Winemaking like that is allowing the terroir to express itself, rather than have the winemaker pick every row of vineyards separately at the peak of ripeness, fermenting 10 (or 50) different lots and later blending them together, as is much more common in California high-end wines today.
"My philosophy and the Bacigalupis' philosophy is we don't add anything," Herzberg said. "We use indigenous yeast. The only thing we put in the wine is oak – French oak barrels. We don't fine, we don't filter, we don't blend, which makes it fun, because you have a true sense of what the vineyard wants to do. Luckily John Bacigalupi is one of the most amazing farmers I have worked with. The block was beautiful."
Herzberg normally makes the picking decisions herself but for this one she consulted with John Bacigalupi, because, she said, "I'm only 10 years into making wines from their property. He knows every single vine on every one of their ranches. I don't have that."
The winemaking was simple, and kind of a throwback.

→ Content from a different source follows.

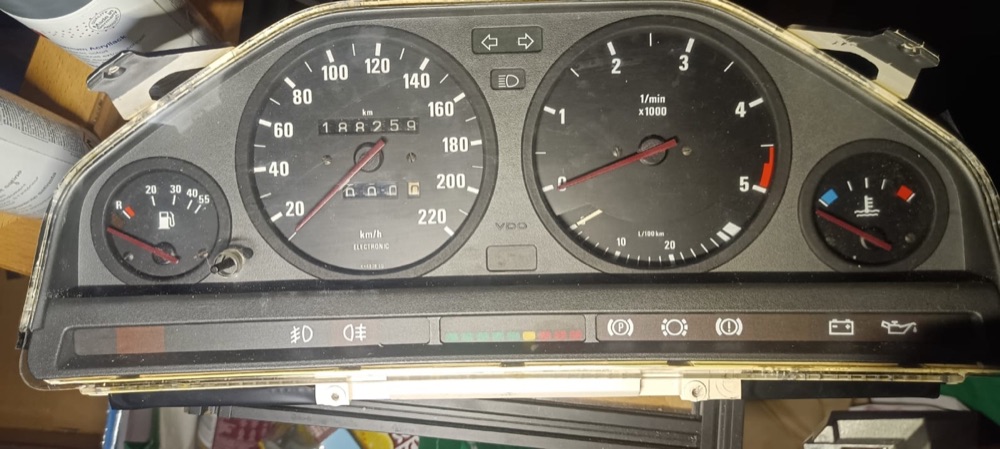 Gösterge Halkaları (BMW E30 Uyumlu)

"We whole-cluster pressed and we went straight to barrels, 50 percent new and 50 percent used," Herzberg said. "Nothing above a medium toast. From there, I just let it go. No additions. No water, no acid, no nutrients, nothing added. The barrel sat in a little part of a warmer area in the winery until it got going. It took about a week to kick off. Then we moved it to a cooler part, about 56 degrees [Farenheit]. That fermentation took about three weeks. It was beautiful. I like to ferment my Chardonnay quite cold. I think that slow consumption of sugar by the yeast makes it so the yeast doesn't get overly stressed or overly vigorous, for the slow building of flavors. That's something I like."

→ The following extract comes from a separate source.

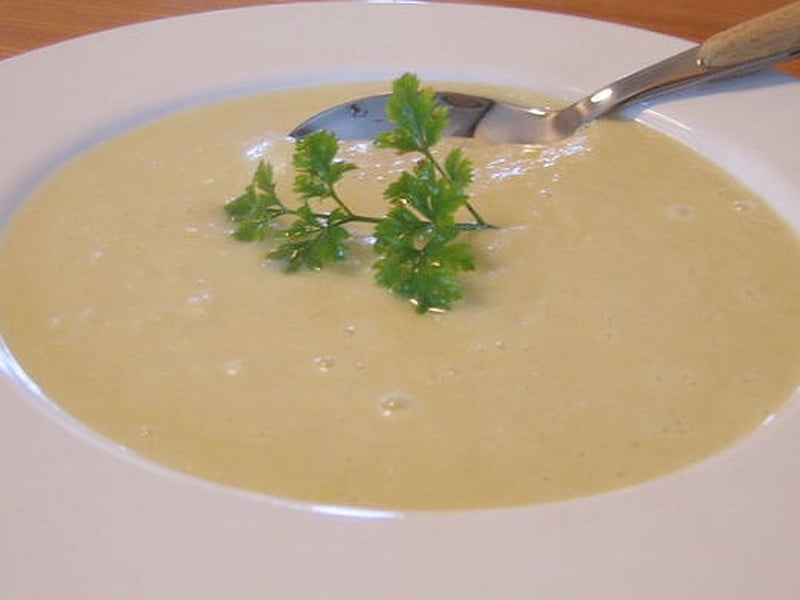 Velouté de poireaux et pois cassés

The Bacigalupis have never done a full replant, and they are lucky that phylloxera has never reached the ranch because the old own-rooted vines would be vulnerable to it. They have replaced some vines as they died with young vines.

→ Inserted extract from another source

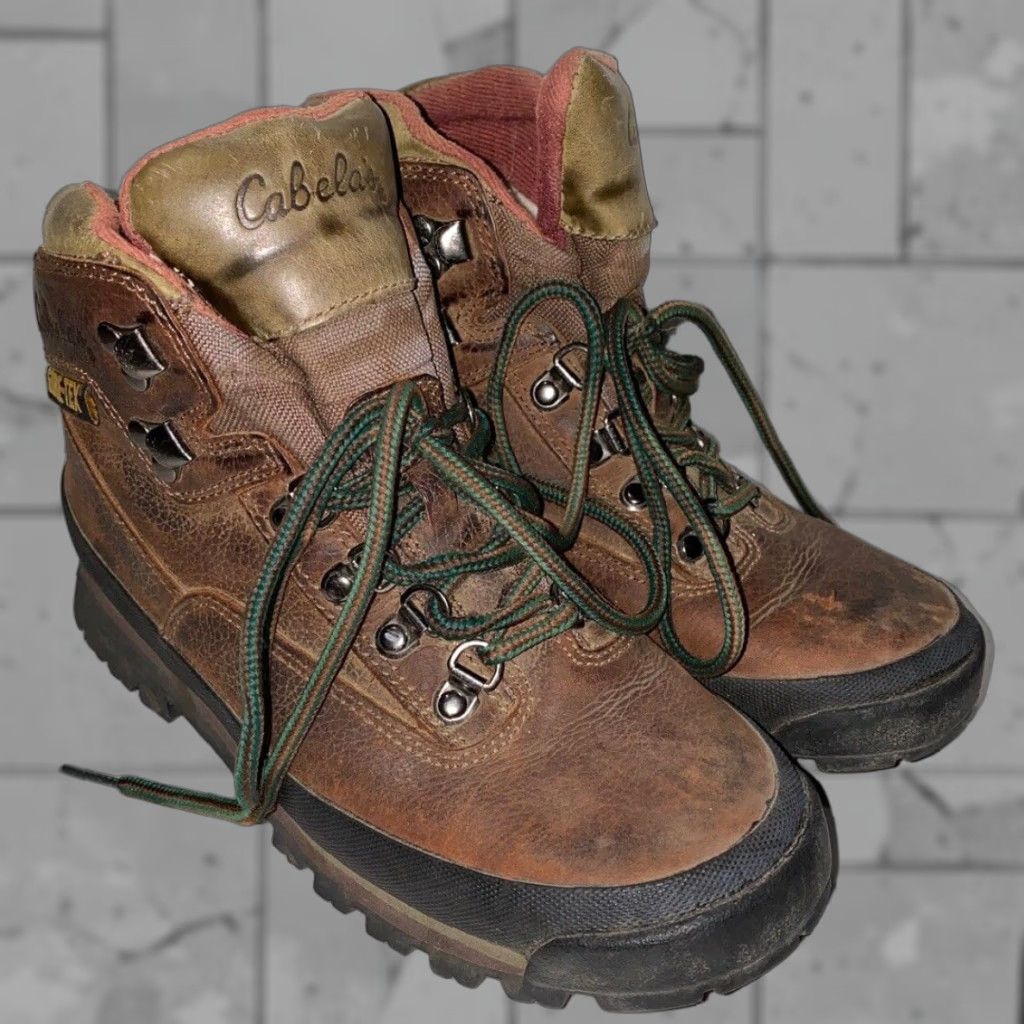 Vintage Cabela’s Womens Brown Leather Gore-Tex Ankle Boots Size 7.5B Boots Womens Brown Leather Gore-Tex Hiking Ankle Boots 7.5B Womens Size US 7.5 / IT 37.5 - 1 Thumbnail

"That adds to the nuance of an old vine block," Herzberg said. "It adds to the layers and texture of the finished wine."
Nonetheless, it's remarkable that the family persevered with a block that produces so few grapes – especially with Chardonnay. That's why Rudd charged so much and why the Bacigalupis' version isn't cheap either. They made only 99 cases of the 2018 vintage because, despite the vineyard's history, they aren't sure how much they can sell of a Chardonnay that costs $82 from the winery. The remaining fruit ended up adding interesting notes to the Bacigalupis' other Chardonnays, albeit at a big loss financially.
"We have replanted missing and dead vines over the years, but have never considered a full replant," Nicole Bacigalupi told Wine-Searcher. "You could not replicate the fruit that we get from the Paris Tasting Block. It would take generations. These vines helped to shape our family's farming legacy and are representative of the sweat equity of my grandparents and my parents over the last 60-plus years. The quality of the fruit in the Paris Tasting Block has always been extremely high – the variation it gets and the complexities outweigh any low yields due to its age. It's why the fruit was under contract up until a couple of years ago. We always knew when it became available to us once again, we wanted to share their magic and story."
Now it can be told: with the New World wines that upended the wine world, winemaking mattered, but terroir mattered too.